Work task
Every entry has to be output exactly, with none skipped.

BEGIN Task input

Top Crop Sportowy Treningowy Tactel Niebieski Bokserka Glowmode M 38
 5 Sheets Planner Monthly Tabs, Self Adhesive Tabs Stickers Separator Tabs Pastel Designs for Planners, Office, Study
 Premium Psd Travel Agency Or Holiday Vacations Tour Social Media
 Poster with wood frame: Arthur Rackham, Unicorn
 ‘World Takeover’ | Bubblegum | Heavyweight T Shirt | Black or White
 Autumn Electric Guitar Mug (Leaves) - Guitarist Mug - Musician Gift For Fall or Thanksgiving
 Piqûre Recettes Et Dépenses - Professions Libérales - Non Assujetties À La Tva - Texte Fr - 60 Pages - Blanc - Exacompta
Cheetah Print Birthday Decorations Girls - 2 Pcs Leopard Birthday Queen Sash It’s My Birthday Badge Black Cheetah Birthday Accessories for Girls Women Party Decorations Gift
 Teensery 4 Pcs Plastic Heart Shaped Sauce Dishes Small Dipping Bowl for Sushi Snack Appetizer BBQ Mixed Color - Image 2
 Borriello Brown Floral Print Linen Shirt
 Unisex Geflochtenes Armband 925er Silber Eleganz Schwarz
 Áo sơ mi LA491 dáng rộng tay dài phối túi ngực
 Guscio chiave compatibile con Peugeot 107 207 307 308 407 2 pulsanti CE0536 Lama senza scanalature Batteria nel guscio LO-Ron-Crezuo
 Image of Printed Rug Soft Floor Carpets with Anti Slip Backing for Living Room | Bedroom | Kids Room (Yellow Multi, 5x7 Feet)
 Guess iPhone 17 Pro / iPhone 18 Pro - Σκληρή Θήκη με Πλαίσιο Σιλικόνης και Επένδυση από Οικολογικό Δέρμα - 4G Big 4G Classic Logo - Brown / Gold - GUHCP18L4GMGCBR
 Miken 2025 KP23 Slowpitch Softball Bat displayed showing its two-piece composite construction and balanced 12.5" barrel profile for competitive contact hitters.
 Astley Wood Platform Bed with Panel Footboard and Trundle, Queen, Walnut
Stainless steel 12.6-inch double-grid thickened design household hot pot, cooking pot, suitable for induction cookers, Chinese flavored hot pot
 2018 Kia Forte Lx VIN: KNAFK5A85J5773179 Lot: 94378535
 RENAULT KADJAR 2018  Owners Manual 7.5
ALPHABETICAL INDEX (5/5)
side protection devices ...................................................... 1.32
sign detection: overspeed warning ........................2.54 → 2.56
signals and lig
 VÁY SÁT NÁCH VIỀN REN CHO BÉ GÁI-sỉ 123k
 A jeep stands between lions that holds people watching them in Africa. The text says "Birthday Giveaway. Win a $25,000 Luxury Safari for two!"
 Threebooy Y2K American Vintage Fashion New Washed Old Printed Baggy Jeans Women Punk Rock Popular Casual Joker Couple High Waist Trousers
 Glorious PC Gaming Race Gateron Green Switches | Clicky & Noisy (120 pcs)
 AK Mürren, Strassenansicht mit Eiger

END Task input

Exercise answer
Top Crop Sportowy Treningowy Tactel Niebieski Bokserka Glowmode M 38
 5 Sheets Planner Monthly Tabs, Self Adhesive Tabs Stickers Separator Tabs Pastel Designs for Planners, Office, Study
 Premium Psd Travel Agency Or Holiday Vacations Tour Social Media
 Poster with wood frame: Arthur Rackham, Unicorn
 ‘World Takeover’ | Bubblegum | Heavyweight T Shirt | Black or White
 Autumn Electric Guitar Mug (Leaves) - Guitarist Mug - Musician Gift For Fall or Thanksgiving
 Piqûre Recettes Et Dépenses - Professions Libérales - Non Assujetties À La Tva - Texte Fr - 60 Pages - Blanc - Exacompta
Cheetah Print Birthday Decorations Girls - 2 Pcs Leopard Birthday Queen Sash It’s My Birthday Badge Black Cheetah Birthday Accessories for Girls Women Party Decorations Gift
 Teensery 4 Pcs Plastic Heart Shaped Sauce Dishes Small Dipping Bowl for Sushi Snack Appetizer BBQ Mixed Color - Image 2
 Borriello Brown Floral Print Linen Shirt
 Unisex Geflochtenes Armband 925er Silber Eleganz Schwarz
 Áo sơ mi LA491 dáng rộng tay dài phối túi ngực
 Guscio chiave compatibile con Peugeot 107 207 307 308 407 2 pulsanti CE0536 Lama senza scanalature Batteria nel guscio LO-Ron-Crezuo
 Image of Printed Rug Soft Floor Carpets with Anti Slip Backing for Living Room | Bedroom | Kids Room (Yellow Multi, 5x7 Feet)
 Guess iPhone 17 Pro / iPhone 18 Pro - Σκληρή Θήκη με Πλαίσιο Σιλικόνης και Επένδυση από Οικολογικό Δέρμα - 4G Big 4G Classic Logo - Brown / Gold - GUHCP18L4GMGCBR
 Miken 2025 KP23 Slowpitch Softball Bat displayed showing its two-piece composite construction and balanced 12.5" barrel profile for competitive contact hitters.
 Astley Wood Platform Bed with Panel Footboard and Trundle, Queen, Walnut
Stainless steel 12.6-inch double-grid thickened design household hot pot, cooking pot, suitable for induction cookers, Chinese flavored hot pot
 2018 Kia Forte Lx VIN: KNAFK5A85J5773179 Lot: 94378535
 RENAULT KADJAR 2018  Owners Manual 7.5
ALPHABETICAL INDEX (5/5)
side protection devices ...................................................... 1.32
sign detection: overspeed warning ........................2.54 → 2.56
signals and lig
 VÁY SÁT NÁCH VIỀN REN CHO BÉ GÁI-sỉ 123k
 A jeep stands between lions that holds people watching them in Africa. The text says "Birthday Giveaway. Win a $25,000 Luxury Safari for two!"
 Threebooy Y2K American Vintage Fashion New Washed Old Printed Baggy Jeans Women Punk Rock Popular Casual Joker Couple High Waist Trousers
 Glorious PC Gaming Race Gateron Green Switches | Clicky & Noisy (120 pcs)
 AK Mürren, Strassenansicht mit Eiger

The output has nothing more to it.